Oh my @eyemamom !
I’m sorry, but some of your in-laws are awful. I would never nod and smile while anyone raged at my child for their very being. Nope, I wouldn’t accept that, nor would I ask my child to put up with it. Quirks and eccentricities are one thing. Cruelty, narcissism, and other toxic behavior is not something I feel I should have to tolerate, nor would I feel obligated to expose my children to that.

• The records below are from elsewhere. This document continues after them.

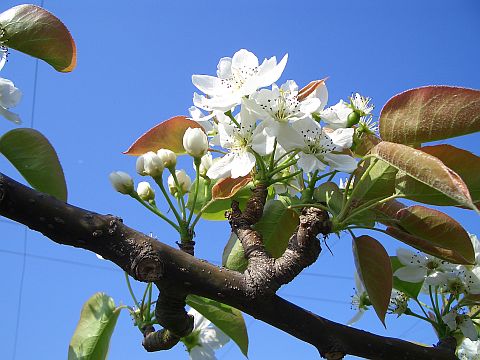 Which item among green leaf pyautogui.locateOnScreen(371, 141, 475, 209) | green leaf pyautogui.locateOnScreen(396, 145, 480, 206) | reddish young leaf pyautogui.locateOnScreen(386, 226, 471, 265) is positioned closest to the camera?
green leaf pyautogui.locateOnScreen(371, 141, 475, 209)

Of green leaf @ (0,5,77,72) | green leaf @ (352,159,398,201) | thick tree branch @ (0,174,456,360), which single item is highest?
green leaf @ (0,5,77,72)

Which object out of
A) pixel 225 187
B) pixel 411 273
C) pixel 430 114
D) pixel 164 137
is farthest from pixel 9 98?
pixel 411 273

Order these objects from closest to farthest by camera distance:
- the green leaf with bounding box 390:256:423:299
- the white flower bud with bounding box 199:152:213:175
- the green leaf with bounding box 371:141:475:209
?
1. the green leaf with bounding box 371:141:475:209
2. the white flower bud with bounding box 199:152:213:175
3. the green leaf with bounding box 390:256:423:299

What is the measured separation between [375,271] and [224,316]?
0.23 meters

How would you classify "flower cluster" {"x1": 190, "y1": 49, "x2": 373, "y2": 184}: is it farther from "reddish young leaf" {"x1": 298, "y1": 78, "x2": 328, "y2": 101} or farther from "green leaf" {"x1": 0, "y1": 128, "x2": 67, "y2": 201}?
"green leaf" {"x1": 0, "y1": 128, "x2": 67, "y2": 201}

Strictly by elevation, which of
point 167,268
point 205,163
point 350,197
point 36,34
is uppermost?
point 36,34

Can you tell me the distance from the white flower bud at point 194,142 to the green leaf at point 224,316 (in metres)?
0.22

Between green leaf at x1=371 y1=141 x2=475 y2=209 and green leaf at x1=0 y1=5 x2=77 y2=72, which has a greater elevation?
green leaf at x1=0 y1=5 x2=77 y2=72

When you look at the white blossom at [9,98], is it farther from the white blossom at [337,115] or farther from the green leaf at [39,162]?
the white blossom at [337,115]

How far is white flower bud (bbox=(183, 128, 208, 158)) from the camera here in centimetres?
80

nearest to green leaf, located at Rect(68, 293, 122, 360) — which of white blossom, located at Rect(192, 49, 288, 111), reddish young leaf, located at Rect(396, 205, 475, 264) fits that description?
white blossom, located at Rect(192, 49, 288, 111)

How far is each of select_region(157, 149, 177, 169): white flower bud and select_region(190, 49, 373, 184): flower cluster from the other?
60mm

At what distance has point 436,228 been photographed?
30.3 inches

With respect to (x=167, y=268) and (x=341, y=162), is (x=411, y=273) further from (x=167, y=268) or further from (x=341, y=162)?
(x=167, y=268)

My grandmother missed the ages between 2 & 26 of my life because she was toxic. I’ve just started to get to know her at age 27.
I have no regrets. I have no problem kicking her back out of my life if she gets toxic again.

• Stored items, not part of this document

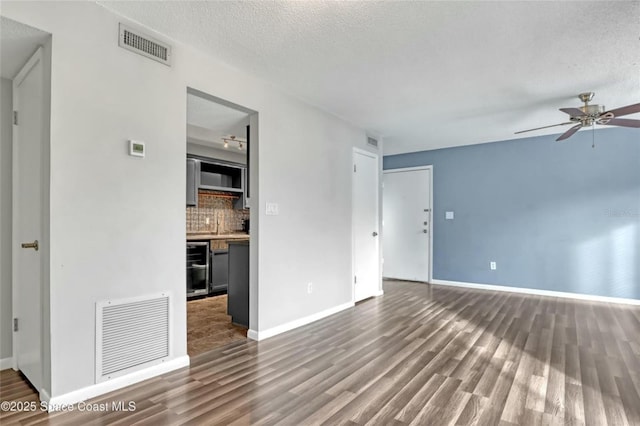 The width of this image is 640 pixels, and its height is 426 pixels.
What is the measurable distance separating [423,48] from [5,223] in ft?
11.2

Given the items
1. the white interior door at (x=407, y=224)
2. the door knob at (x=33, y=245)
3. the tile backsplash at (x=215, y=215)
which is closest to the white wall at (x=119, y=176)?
the door knob at (x=33, y=245)

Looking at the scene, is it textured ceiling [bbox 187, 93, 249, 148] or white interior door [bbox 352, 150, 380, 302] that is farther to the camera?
white interior door [bbox 352, 150, 380, 302]

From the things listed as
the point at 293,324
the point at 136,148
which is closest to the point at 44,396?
the point at 136,148

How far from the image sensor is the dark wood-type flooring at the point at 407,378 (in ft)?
6.27

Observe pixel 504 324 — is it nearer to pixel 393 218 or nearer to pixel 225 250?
pixel 393 218

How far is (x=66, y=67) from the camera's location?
2.00 meters

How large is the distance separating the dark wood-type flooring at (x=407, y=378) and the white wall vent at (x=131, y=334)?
0.16 meters

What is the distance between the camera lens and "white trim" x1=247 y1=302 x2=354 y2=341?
125 inches

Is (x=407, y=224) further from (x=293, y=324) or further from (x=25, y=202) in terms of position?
(x=25, y=202)

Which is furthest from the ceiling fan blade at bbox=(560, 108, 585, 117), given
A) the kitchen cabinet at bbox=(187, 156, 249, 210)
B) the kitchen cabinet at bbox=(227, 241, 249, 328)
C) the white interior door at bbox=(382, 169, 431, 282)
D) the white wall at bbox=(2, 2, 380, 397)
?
the kitchen cabinet at bbox=(187, 156, 249, 210)

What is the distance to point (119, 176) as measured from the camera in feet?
7.29

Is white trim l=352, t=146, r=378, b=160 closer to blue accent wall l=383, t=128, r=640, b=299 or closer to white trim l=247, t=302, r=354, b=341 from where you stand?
blue accent wall l=383, t=128, r=640, b=299

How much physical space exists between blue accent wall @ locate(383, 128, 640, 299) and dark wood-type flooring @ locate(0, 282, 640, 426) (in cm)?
130

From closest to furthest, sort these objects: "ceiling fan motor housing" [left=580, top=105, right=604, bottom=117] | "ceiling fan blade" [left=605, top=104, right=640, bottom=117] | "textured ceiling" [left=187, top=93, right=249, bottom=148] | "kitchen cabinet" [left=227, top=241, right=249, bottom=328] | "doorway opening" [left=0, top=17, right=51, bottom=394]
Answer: "doorway opening" [left=0, top=17, right=51, bottom=394]
"ceiling fan blade" [left=605, top=104, right=640, bottom=117]
"textured ceiling" [left=187, top=93, right=249, bottom=148]
"ceiling fan motor housing" [left=580, top=105, right=604, bottom=117]
"kitchen cabinet" [left=227, top=241, right=249, bottom=328] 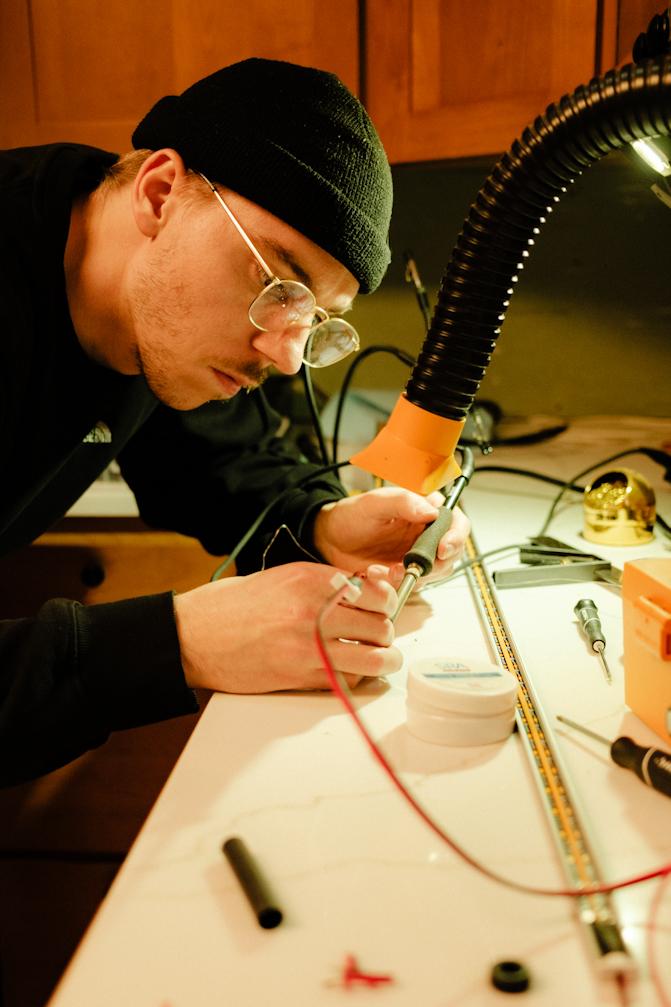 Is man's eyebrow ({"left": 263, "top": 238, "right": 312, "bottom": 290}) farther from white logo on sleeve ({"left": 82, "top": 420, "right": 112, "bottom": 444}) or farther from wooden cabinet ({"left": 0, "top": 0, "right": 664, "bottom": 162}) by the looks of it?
wooden cabinet ({"left": 0, "top": 0, "right": 664, "bottom": 162})

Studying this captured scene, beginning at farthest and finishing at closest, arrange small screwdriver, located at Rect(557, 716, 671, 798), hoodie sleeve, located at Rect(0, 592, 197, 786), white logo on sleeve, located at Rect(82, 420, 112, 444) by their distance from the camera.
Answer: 1. white logo on sleeve, located at Rect(82, 420, 112, 444)
2. hoodie sleeve, located at Rect(0, 592, 197, 786)
3. small screwdriver, located at Rect(557, 716, 671, 798)

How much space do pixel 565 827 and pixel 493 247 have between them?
458 millimetres

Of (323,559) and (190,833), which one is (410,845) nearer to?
(190,833)

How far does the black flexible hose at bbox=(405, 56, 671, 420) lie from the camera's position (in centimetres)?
62

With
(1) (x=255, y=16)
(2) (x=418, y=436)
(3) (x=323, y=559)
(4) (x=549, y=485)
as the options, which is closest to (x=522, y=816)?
(2) (x=418, y=436)

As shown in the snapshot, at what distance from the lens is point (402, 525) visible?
3.40ft

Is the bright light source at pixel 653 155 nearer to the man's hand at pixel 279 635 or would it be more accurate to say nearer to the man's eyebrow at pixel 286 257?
the man's eyebrow at pixel 286 257

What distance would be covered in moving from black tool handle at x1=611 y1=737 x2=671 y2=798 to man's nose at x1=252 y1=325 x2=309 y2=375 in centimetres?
59

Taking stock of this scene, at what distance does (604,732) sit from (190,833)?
343 millimetres

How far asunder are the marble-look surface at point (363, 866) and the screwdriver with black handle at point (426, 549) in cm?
9

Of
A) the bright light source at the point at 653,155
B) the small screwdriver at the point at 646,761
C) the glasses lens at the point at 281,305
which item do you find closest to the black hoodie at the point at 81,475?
the glasses lens at the point at 281,305

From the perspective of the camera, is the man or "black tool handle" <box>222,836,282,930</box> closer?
"black tool handle" <box>222,836,282,930</box>

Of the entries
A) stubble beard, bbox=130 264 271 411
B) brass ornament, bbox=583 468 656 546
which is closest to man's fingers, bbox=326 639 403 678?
stubble beard, bbox=130 264 271 411

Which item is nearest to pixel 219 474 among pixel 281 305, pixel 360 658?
pixel 281 305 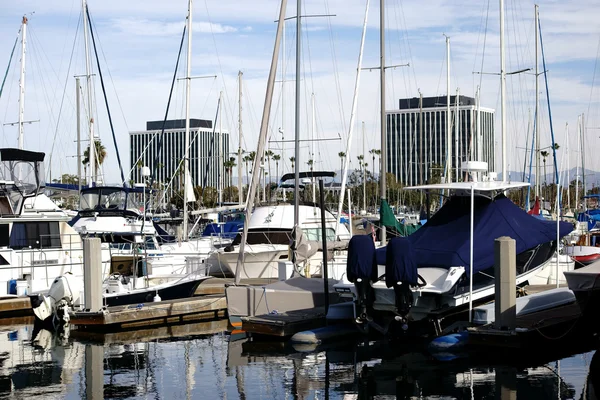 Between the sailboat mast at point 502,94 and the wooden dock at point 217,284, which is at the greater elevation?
the sailboat mast at point 502,94

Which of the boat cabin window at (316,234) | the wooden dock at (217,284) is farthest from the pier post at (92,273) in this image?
the boat cabin window at (316,234)

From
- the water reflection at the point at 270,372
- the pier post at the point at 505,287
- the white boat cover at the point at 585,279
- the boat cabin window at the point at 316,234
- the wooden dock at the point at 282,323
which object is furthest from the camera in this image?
the boat cabin window at the point at 316,234

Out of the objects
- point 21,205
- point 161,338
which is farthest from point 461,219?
point 21,205

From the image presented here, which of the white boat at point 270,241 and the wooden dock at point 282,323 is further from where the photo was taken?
the white boat at point 270,241

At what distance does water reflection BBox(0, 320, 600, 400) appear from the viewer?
47.1ft

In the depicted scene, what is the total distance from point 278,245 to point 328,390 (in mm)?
15210

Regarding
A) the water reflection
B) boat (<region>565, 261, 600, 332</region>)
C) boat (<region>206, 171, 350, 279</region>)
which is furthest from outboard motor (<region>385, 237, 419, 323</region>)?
boat (<region>206, 171, 350, 279</region>)

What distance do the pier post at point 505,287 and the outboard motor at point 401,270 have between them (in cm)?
196

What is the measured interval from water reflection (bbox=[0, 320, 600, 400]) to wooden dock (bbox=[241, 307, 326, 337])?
0.32 meters

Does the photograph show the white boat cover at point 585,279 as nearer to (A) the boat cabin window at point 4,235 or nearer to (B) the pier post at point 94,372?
(B) the pier post at point 94,372

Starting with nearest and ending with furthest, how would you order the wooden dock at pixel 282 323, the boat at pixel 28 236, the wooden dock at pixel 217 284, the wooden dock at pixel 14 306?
the wooden dock at pixel 282 323 < the wooden dock at pixel 14 306 < the boat at pixel 28 236 < the wooden dock at pixel 217 284

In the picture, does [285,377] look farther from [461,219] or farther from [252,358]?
[461,219]

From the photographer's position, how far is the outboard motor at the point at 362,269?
59.7 feet

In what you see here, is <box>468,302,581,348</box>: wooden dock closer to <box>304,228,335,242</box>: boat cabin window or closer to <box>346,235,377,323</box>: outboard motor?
<box>346,235,377,323</box>: outboard motor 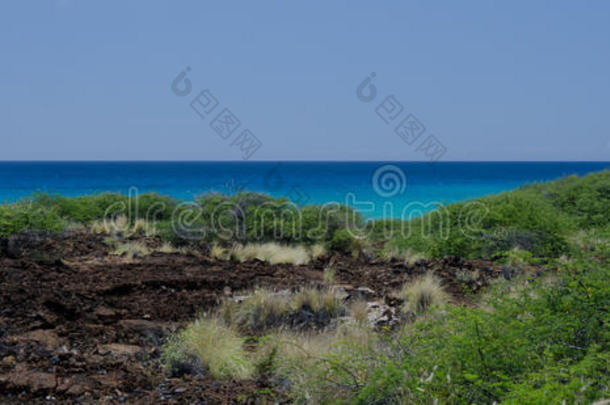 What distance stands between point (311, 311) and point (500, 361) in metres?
3.84

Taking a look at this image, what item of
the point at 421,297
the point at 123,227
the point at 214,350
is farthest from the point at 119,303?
the point at 123,227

I don’t understand putting up with toxicity just because you’re family. But to each his/her own.
I don’t understand it either. The idea that you should tolerate it because someday they’ll be gone and you’ll wish you still had someone? Uh, no. When my alcoholic father died, my main feeling was relief.
My parents were not as welcoming as they should have been to my wife. A big part of the problem was that my sisters never married, so my wife was the only “outsider” they had to deal with, and they needed more practice. Both of my parents felt threatened by her. My father never felt comfortable with aggressive, career-focused, high-achieving women. He never said anything like that explicitly, but over time I could tell it was true. My mother, who was highly intelligent, always worked as a teacher, and even got a PhD, but she basically subordinated her career to his. She was as proud of the (many) things she did to enhance his career as she was of her own professional accomplishments, and until very late in life she always kept the focus of her work very local and very personal. She taught people one by one. My wife, by contrast, was very managerial – she took on big jobs in big bureaucracies, or sometimes quixotic policy campaigns – and she didn’t do anything to support my career. Acknowledging and valuing any of my wife’s successes meant calling into question everything my mother had done with her life, and implied that I had repudiated my mother for someone who looked like her opposite.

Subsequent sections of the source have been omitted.